Chronique

Jedi Mind Tricks
Legacy of Blood

Babygrande Records - 2004

Il y a les retours que l’on attend avec impatience, et ceux que l’on appréhende, souvent par peur d’être déçu par des artistes que l’on considère à part. De par sa discographie, Jedi Mind Tricks se situe dans la deuxième catégorie. Celle des formations indéniablement sur le déclin, mais à qui l’on ne cesse de chercher des excuses, parce qu’elles nous ont tant fait vibrer par le passé. Un an après un « Visions of Gandhi » en demi-teinte, Stoupe et Vinnie Paz nous reviennent déjà avec Legacy of Blood. Et affirment avoir tiré les enseignements de leur premier enregistrement « professionnel ».

Le changement principal à observer est le nombre de MCs conviés par le duo : tout juste quatre invités au tracklisting, et non des moindres. On retrouve en effet Des Devious, Killah Priest, Sean Price aka Ruck d’Heltah Skeltah, et dans le rôle de la guest superstar au cachet probablement faramineux mais à la prestation « minimum syndical« , GZA du Wu-Tang Clan. Vinnie Paz se retrouve donc dans une situation qu’il n’a jamais connu : il doit tenir le crachoir seul durant une grande partie du disque.

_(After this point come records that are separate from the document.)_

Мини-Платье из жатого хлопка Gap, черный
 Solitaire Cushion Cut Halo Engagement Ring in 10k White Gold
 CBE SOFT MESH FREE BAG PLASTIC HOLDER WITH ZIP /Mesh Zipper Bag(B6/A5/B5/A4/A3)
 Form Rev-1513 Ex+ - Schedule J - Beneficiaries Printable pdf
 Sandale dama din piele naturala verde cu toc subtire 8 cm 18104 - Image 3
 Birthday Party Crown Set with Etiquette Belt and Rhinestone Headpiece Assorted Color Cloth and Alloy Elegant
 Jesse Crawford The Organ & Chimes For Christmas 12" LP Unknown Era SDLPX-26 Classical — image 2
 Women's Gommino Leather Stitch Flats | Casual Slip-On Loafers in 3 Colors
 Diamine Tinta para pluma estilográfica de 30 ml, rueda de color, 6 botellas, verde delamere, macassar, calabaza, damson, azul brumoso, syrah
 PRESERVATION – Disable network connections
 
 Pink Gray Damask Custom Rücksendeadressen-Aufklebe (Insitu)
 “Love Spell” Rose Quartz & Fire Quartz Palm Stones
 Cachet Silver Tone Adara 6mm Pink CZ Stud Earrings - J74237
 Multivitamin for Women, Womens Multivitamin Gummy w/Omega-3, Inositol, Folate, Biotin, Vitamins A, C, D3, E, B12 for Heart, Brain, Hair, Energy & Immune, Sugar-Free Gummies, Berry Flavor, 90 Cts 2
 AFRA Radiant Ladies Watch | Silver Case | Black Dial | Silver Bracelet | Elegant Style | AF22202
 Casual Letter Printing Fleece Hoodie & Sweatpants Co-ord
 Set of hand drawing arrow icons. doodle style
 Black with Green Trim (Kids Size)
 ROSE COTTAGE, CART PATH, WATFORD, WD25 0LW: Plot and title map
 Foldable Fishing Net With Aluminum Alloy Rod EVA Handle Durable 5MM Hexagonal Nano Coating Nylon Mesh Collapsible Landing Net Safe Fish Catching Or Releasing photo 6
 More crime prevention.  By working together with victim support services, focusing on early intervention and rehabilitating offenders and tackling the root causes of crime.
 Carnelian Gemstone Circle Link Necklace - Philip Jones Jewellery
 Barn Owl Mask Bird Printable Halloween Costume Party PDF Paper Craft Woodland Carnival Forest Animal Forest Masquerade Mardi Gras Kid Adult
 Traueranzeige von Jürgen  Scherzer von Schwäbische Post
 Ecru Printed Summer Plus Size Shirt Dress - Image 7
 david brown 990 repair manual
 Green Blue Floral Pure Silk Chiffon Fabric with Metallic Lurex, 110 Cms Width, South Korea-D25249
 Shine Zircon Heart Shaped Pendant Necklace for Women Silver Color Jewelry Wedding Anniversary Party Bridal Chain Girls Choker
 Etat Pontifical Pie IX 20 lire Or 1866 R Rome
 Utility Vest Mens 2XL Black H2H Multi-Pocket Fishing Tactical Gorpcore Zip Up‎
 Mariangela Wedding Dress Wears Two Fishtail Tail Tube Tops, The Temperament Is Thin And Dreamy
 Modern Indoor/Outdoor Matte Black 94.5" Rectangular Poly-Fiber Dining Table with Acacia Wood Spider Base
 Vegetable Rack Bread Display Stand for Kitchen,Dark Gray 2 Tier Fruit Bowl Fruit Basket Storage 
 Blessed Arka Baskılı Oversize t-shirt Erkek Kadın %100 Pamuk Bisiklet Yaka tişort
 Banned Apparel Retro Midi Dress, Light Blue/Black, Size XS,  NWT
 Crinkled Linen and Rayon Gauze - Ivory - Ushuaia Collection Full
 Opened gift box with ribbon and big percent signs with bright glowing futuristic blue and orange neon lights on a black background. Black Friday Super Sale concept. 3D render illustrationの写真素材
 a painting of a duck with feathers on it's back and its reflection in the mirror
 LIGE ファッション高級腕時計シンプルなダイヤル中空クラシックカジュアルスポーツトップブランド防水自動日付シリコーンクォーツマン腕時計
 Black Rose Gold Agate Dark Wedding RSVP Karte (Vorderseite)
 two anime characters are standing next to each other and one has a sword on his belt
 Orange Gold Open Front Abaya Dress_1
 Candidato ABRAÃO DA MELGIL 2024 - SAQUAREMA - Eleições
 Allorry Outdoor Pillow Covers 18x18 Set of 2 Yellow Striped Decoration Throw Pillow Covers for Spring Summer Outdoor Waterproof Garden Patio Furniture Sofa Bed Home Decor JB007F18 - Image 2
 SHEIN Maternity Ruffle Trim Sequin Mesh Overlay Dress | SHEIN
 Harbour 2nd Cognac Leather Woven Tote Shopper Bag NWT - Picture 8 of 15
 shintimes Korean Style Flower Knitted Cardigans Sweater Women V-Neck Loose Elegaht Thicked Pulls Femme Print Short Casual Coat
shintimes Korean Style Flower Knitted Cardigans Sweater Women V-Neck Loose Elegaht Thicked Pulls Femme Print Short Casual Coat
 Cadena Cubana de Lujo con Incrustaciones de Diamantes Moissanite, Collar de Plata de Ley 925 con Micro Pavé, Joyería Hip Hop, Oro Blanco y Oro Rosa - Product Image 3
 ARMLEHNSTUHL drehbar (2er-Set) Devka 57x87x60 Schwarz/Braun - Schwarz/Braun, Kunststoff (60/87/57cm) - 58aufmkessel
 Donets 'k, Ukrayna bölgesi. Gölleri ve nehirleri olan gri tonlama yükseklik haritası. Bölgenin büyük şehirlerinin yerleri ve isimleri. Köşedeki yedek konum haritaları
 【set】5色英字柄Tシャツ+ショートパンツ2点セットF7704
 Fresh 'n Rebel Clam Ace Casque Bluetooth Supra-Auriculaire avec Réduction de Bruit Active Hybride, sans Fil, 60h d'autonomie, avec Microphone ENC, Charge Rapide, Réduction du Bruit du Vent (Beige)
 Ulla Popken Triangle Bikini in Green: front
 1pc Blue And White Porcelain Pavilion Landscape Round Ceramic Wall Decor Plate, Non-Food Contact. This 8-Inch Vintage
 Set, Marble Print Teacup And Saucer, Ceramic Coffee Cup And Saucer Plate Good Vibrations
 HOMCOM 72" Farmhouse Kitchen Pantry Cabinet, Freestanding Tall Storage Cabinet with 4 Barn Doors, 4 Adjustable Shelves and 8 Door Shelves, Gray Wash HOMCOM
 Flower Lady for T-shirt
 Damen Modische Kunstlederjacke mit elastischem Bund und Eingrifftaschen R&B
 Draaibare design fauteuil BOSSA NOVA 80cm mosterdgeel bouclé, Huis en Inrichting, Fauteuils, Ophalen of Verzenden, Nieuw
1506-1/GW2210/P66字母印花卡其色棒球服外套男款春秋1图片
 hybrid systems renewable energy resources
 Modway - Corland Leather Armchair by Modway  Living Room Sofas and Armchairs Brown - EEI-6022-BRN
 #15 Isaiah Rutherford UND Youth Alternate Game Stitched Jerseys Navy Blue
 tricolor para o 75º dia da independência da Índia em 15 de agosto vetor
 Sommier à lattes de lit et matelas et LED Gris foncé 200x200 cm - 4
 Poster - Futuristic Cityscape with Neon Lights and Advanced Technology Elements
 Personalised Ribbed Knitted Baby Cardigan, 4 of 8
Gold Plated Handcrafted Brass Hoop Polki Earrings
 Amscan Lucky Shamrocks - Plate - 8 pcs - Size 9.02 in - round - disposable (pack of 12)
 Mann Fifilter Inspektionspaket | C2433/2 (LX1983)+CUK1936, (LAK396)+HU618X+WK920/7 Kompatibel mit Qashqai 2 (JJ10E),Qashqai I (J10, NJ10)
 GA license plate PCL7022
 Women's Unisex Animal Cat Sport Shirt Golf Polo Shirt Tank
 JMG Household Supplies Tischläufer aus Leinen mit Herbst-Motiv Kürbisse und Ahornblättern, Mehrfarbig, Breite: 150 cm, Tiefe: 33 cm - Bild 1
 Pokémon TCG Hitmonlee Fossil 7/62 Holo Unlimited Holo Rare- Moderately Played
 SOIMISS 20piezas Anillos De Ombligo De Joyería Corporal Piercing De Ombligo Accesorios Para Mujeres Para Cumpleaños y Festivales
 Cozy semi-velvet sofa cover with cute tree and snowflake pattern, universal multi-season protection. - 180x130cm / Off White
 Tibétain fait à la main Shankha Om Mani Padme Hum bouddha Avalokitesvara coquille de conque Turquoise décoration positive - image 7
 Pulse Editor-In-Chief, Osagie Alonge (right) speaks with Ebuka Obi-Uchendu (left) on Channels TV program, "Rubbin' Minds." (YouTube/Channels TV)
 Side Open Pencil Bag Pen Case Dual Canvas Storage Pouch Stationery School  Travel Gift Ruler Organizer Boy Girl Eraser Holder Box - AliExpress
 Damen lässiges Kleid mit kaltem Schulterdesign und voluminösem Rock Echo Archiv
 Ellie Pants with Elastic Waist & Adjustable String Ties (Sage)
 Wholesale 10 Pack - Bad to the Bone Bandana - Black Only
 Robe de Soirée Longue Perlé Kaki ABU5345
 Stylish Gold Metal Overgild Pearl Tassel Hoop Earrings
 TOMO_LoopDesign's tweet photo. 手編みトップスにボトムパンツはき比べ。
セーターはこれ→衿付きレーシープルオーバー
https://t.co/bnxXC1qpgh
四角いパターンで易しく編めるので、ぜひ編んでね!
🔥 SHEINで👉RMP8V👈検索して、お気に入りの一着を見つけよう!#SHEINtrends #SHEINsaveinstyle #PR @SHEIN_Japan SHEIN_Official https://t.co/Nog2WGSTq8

Et vient une première confirmation : feu Ikon the Verbal Hologramm est un MC de smash hit, mais pas d’album. Il est capable, par sa rage et son énergie incroyable, d’illuminer n’importe quelle prod, mais, lorsqu’on lui laisse trop le micro, il finit par être quelque peu agaçant, voire inintéressant par moment. Certes, on ne pourra qu’admirer sa propension à conserver sa hargne tout au long de la quinzaine de titres rappés de l’album. Mais une fois passés trois morceaux, on a presque fait le tour de la question : hormis les louanges à Allah, les punchlines homophobes ou anticléricales et les menaces envers à peu près tout le monde, Paz n’a pas énormément à proposer, pas suffisamment pour ne pas lasser sur le long format en tout cas. Et on se prend à regretter les envolées grandiloquentes du Psycho-Social LP

Tout n’est bien évidemment pas si noir, et Vinnie contribue au succès des meilleurs morceaux de l’album par son dynamisme impressionnant. ‘The Age of Sacred Terror’, ‘Verses of the Bleeding’, ‘On the Eve of War (Julio Chavez Mix)’, ‘The Philosophy of Horror’ ou encore le désormais inévitable ‘Ghost Track’ sont les plus grandes réussites d’un album homogène, sans véritable maillon faible. Les paroles crues voire choquantes de Paz sont bien évidemment desservies par les instrumentaux de son compère de toujours Stoupe the Enemy of Mankind. Si celui-ci ne s’était pas montré au meilleur de sa forme sur « Visions of Gandhi », il livre là une prestation plus probante.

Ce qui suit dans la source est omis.